» Exercise instructions
Of all the entries below, only the lines from the one with "Dolce & Gabbana" up to and including the one with "symbols. Vector illustration" are to be duplicated exactly.

» Dataset extract
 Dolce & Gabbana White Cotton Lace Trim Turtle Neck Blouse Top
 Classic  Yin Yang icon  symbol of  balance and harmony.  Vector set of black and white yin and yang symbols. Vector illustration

* * *

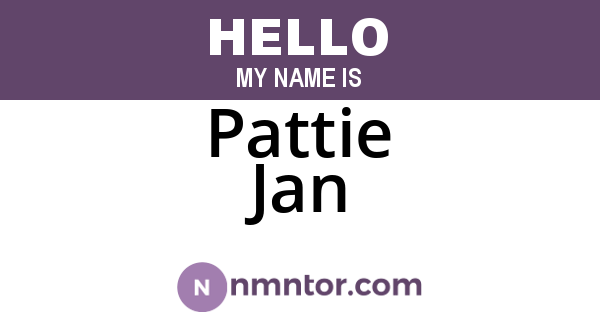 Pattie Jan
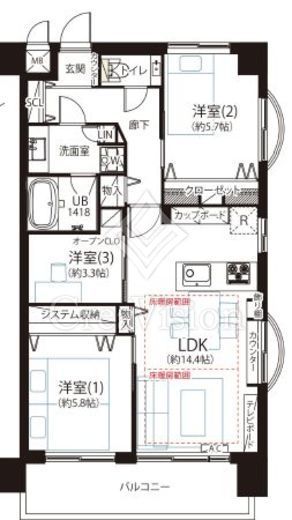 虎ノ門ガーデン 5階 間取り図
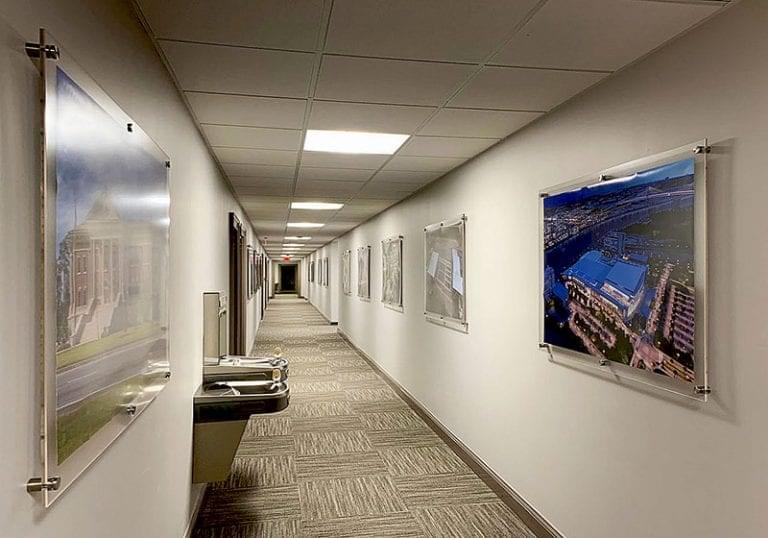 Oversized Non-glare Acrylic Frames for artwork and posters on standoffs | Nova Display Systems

» Task output
 Dolce & Gabbana White Cotton Lace Trim Turtle Neck Blouse Top
 Classic  Yin Yang icon  symbol of  balance and harmony.  Vector set of black and white yin and yang symbols. Vector illustration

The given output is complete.